Very well, I've just implemented these changes, and only time will tell (by the absence of future phenomena) whether this is a contributing factor, notwithstanding that it provides worthwhile elegance in its own right.

One additional consideration: WordPress, in Settings | General, has two options, WordPress Address (URL) and Site Address (URL). Per all extant conventional wisdom I changed these from http to https upon my https transition. With respect to these two most recent changes, though, (now, no host panel redirect; new combined rewrite rule), are those existing settings innocuous or will they need to be changed as well to avoid conflicts?

Thanks, Lucy. Let us see what Googlebot thinks.

Iskandrian

2:22 am on Mar 23, 2016 (gmt 0)

10+ Year Member



No, it seems that wasn't the problem, although, as mentioned, it did achieve a desirable new elegance.

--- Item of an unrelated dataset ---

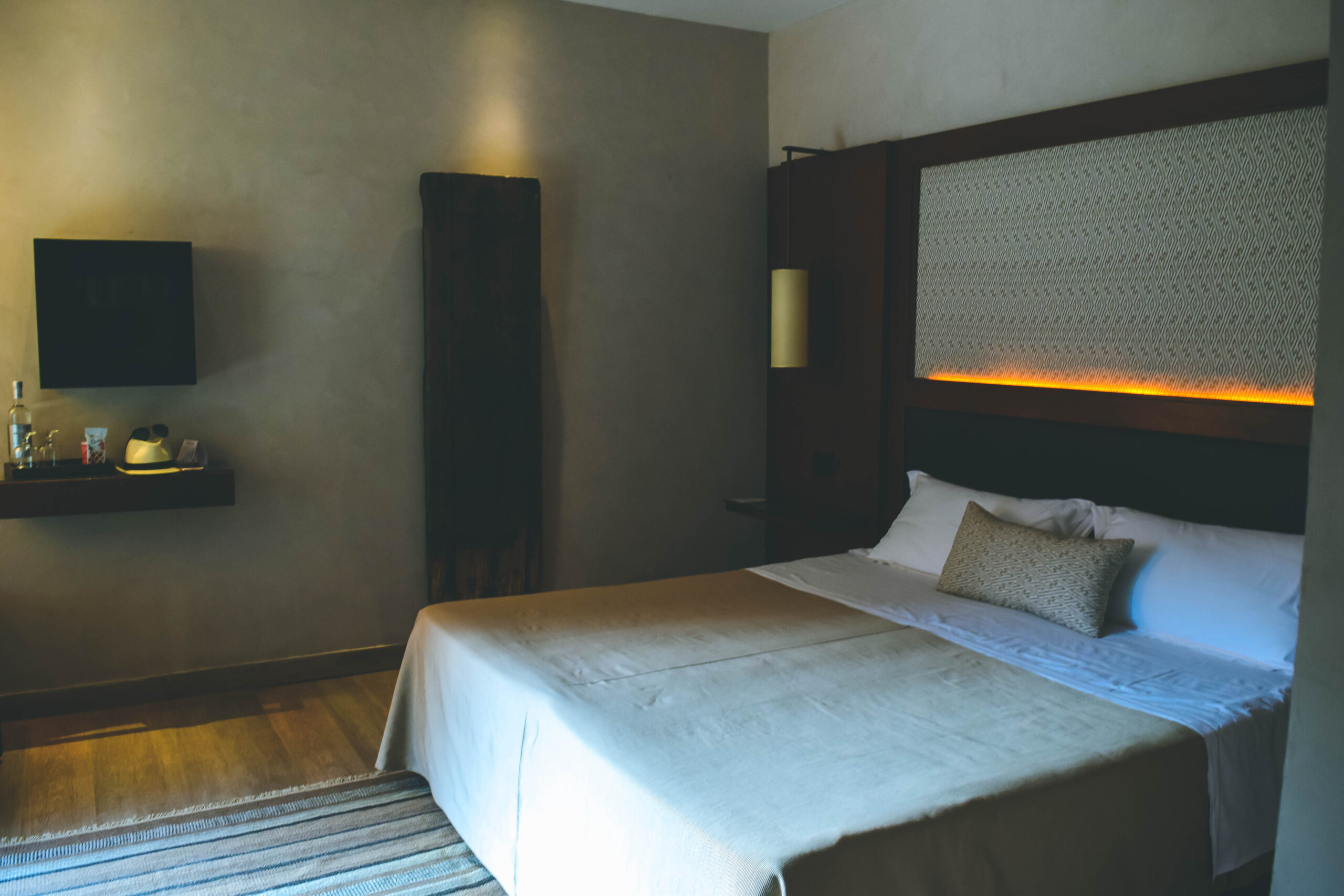 Bed Hotel Baglio La Porta Sicilia near San Vito Lo Capo Riserva dello Zingaro Private exclusive resort cliffs best of sicily sicilia hidden gem off the beaten path luxury
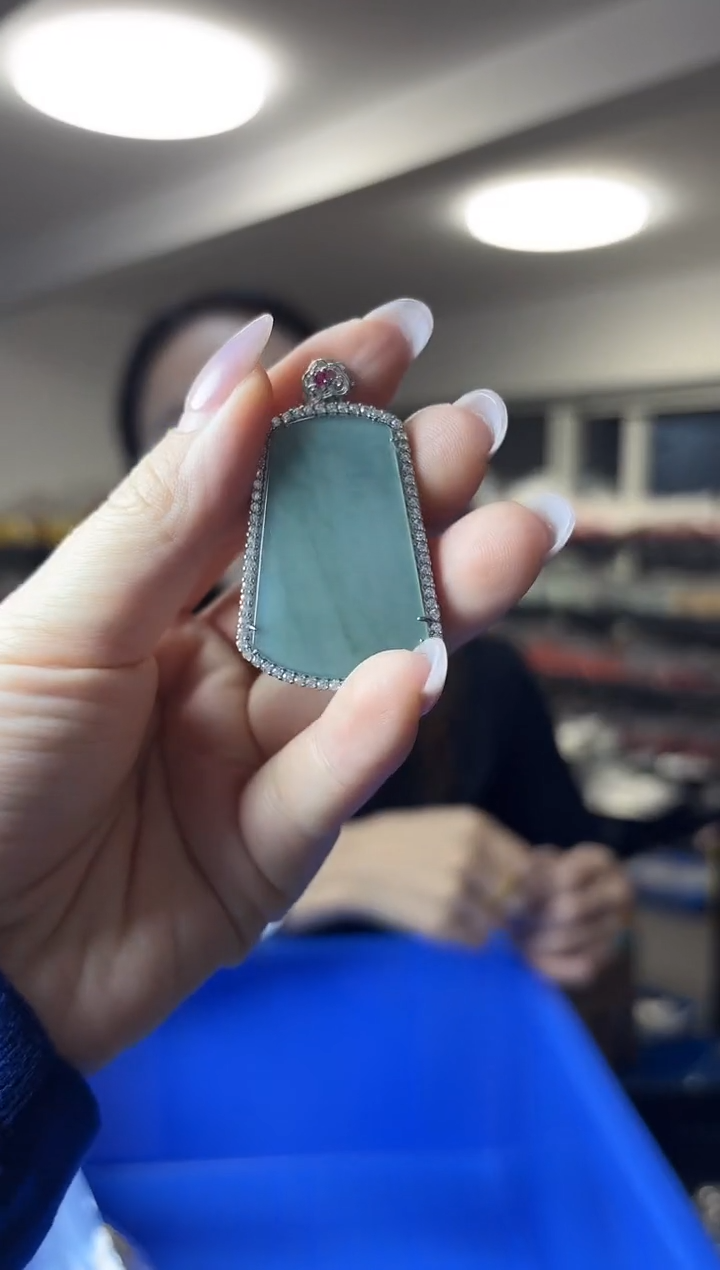 颈饰未镶嵌翡翠（多样性发一件）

I'm beginning to think this is either merely something odd and idiosyncratic to GSC itself along the lines of other errors Gary Illyes has previously admitted to or perhaps a phenomenon associated with the new WordPress API. For example, Google produced another ostensible Soft 404 non-existent URL which when then manually fetched as Google resolved directly and successfully as a 200. In addition, hitherto never before seen (at least by me) 302 Not Followed errors (a redirect Googlebot claims is empty) are being produced and recorded in GSC for URLS which are nevertheless perfectly good and reachable.

Thank you to everyone who tried to help nevertheless.